• the defibrillation threshold does not correspond to a fixed value; several shocks at maximum energy are ineffective in this patient, whereas the fourth shock of the same amplitude averts a dangerous scenario
• a shock is effective if a sufficient critical mass of myocardium is depolarized, establishing an intramyocardial voltage gradient; an electric shock is ineffective if a residual mass of fibrillating myocardium remains, or if there is immediate reinduction in areas where the induced gradient is insufficient; these tracings show that the shock terminates a disorganized ventricular arrhythmia with almost immediate reinitiation
• when the first shock is ineffective, a vicious cycle sets in; prolonged duration of VF worsens hemodynamics, ischemia and myocardial stretch, reducing the probability of a successful subsequent shock
• a shock most often terminates episodes of ventricular arrhythmia and is the basic treatment of the defibrillator; however, the shock can sometimes be pro-arrhythmogenic and, as in this patient, transform an organized VT into a potentially lethal VF (stable VT before the first shock and VF afterwards)

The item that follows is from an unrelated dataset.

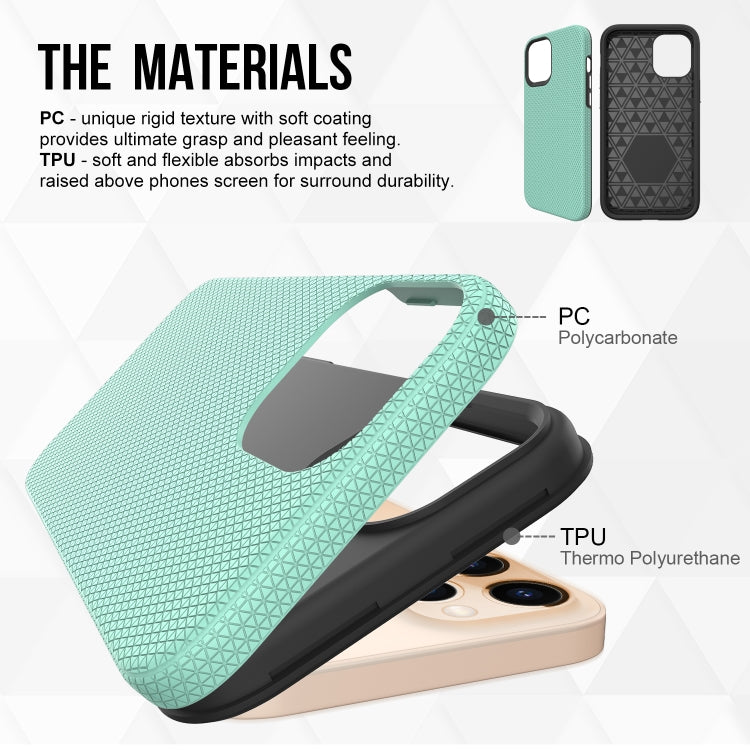 For iPhone 12 Pro Max Triangle Armor Texture TPU + PC Case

• the effect of a shock varies according to the energy delivered; for low energy, a shock in a vulnerable period can induce arrhythmia; the upper limit of vulnerability corresponds to the lowest energy, applied in a vulnerable ventricular period, which does not induce ventricular fibrillation; this value is correlated with the defibrillation threshold; the probability of termination then increases following an exponential probability curve as a function of the amplitude of the shock delivered (synchronized to the R wave); above a certain value, the risk of re-inducing an arrhythmia also increases, limiting the chances of successful therapy; a shock with too high an amplitude can damage myocardial tissue
• in this patient, the first shock degraded a monomorphic, organized arrhythmia into a polymorphic, chaotic one, suggesting the existence of a high defibrillation threshold; the shock failed to capture a sufficient quantity of ventricular myocardium, and instead created sufficient pro-arrhythmogenic myocardial heterogeneity to generate multiple reentry circuits; it is therefore not surprising that subsequent delivery of the same amount of energy did not terminate the episode of VF induced by the first shock, and that several shocks were required (immediate reentry); to defibrillate, a shock must significantly modify the trans-membrane potential to interrupt the waves of fibrillation; however, if new fronts are created, immediate reentry of VF may be observed
• in this patient, safety seemed compromised with few reprogramming options available; a coil positioned in the coronary sinus was added; in fact, a shock delivered between two electrodes in contact with or in the immediate vicinity of the cardiac mass is more likely to be effective by extending the induced electric field over a larger volume

The tracing shows how the shock delivered during a monomorphic tachycardia (VT) interrupts the tachycardia with immediate reinduction of a polymorphic, disorganized, low-voltage arrhythmia (VF).